March 31 (Sunday, 4 PM)
Winter Sleepers (Germany, 1997)
Jewish Educational Alliance (5111 Abercorn St.)
tickets: $10 (cash only)
Box office opens at 3:30. The film will start promptly at 4.
Set in a small snowbound Alpine resort between Christmas and New Year, the film traces the relationships among five characters whose circumstances and actions set in motion a riveting meditation on fate and chance, memory and identity, and life's ironies that (ironically) only we (and not the characters) can see. In German with English subtitles. 120 minutes.

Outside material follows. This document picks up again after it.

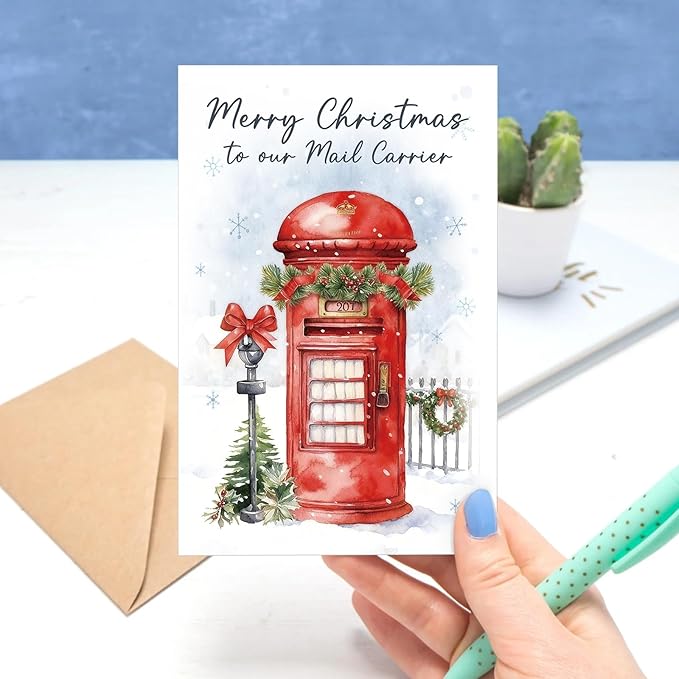 Christmas Card for Mail Carrier, Thank You Holiday Card for Postal Workers, Appreciative Xmas Gift from Neighbor or Family, Warm Holiday Wishes for Mailman/Mailwoman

"Winter Sleepers isn't a breezy, pop-art confection like Run Lola Run, which played out a frantic action scenario in three successive versions, but rather a low-key meditation on destiny and its sly, unrelenting power. Like Krzysztof Kieslowski, the late Polish director whose films were immersed in notions of destiny and spiritual connection, Tykwer (whose Heaven was originally a Kieslowski project) embraces the idea that we're all linked to one another. Life and happenstance, he suggests, are a series of interdependent chain reactions: none of us is ever alone, no matter how fiercely we might deny that fact. But there's another factor at work here. Unlike Kieslowski, Tykwer is a complete movie animal: a filmmaker, like Spielberg or Lucas, so thoroughly submerged in cinema, and so knowledgeable of past films and directors, that his work is in constant dialogue with the traditions and idioms he reflects....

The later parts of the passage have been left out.